The White House spent much of the time between then and now trying to walk back that declared goal, but now it has reached it (ignoring, as the Barack Obama administration mostly does, the question of how many of those "enrollees" have paid or will pay their premiums). Congratulations, Madam Secretary.

Hitting that goal was important as a political matter, and as a sign — but not a guarantee — that the exchanges would be actuarially stable. We don't know yet how many of them will be: We'd need to know the mix of healthy and sick enrollees in each state to make that judgment. We also don't know for sure how many of the enrollees were previously uninsured. And we want to know how well the law has done in achieving its larger goal of increasing coverage, not just of making itself sustainable.

But it's clear now that one scenario with a lot of purchase among conservative opponents of Obamacare — that the law would "implode," "collapse" or "unravel" — is highly unlikely. A quick death spiral was always a remote possibility, even if the early troubles of the exchange websites made it look a little less remote.

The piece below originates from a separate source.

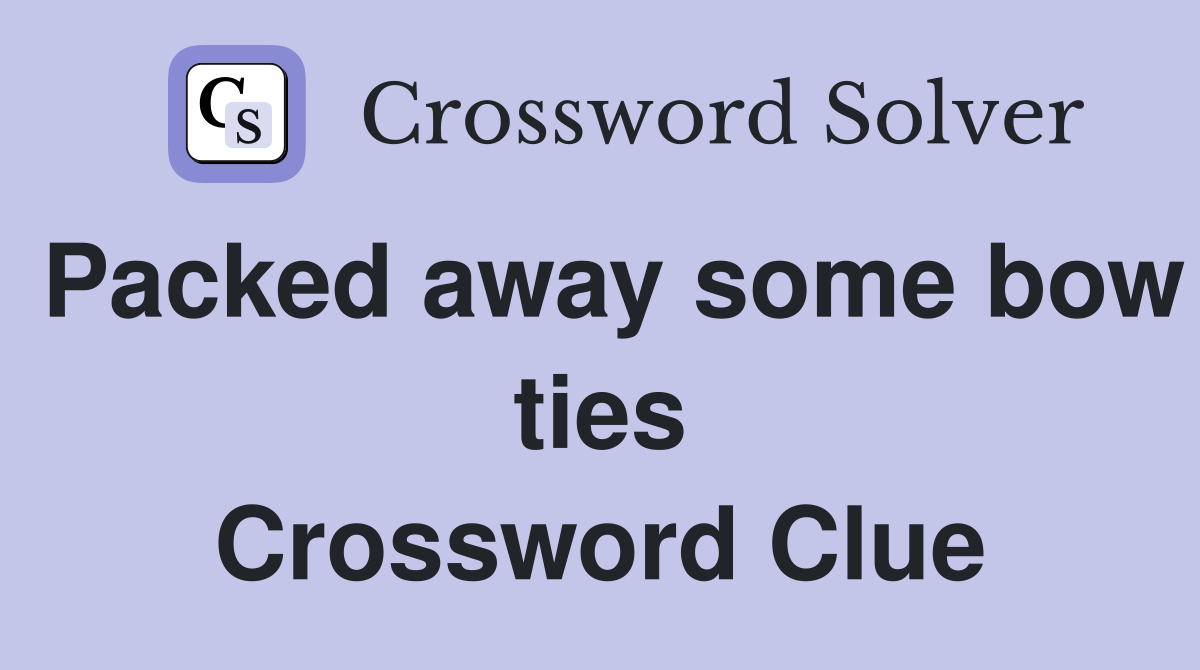 Packed away some bow ties Crossword Clue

Many congressional Republicans wanted to believe the idea, though, especially because they viewed it as one more reason they could avoid coming up with their own health-care agenda. (This was illogical — if the program was going to self- destruct in months, wouldn't the country need a replacement ready? — but the psychological impulse was to avoid grappling with health-care issues.)

Supporters of Obamacare see the enrollment numbers as more evidence that the law is here to stay. Of course, those numbers don't give us any reason to think that the law will do a lot of good at a reasonable price, or that its basic structure can be modified to pass that test. But the supporters are right that meeting the target of 7 million enrollments will make repealing and replacing the law harder.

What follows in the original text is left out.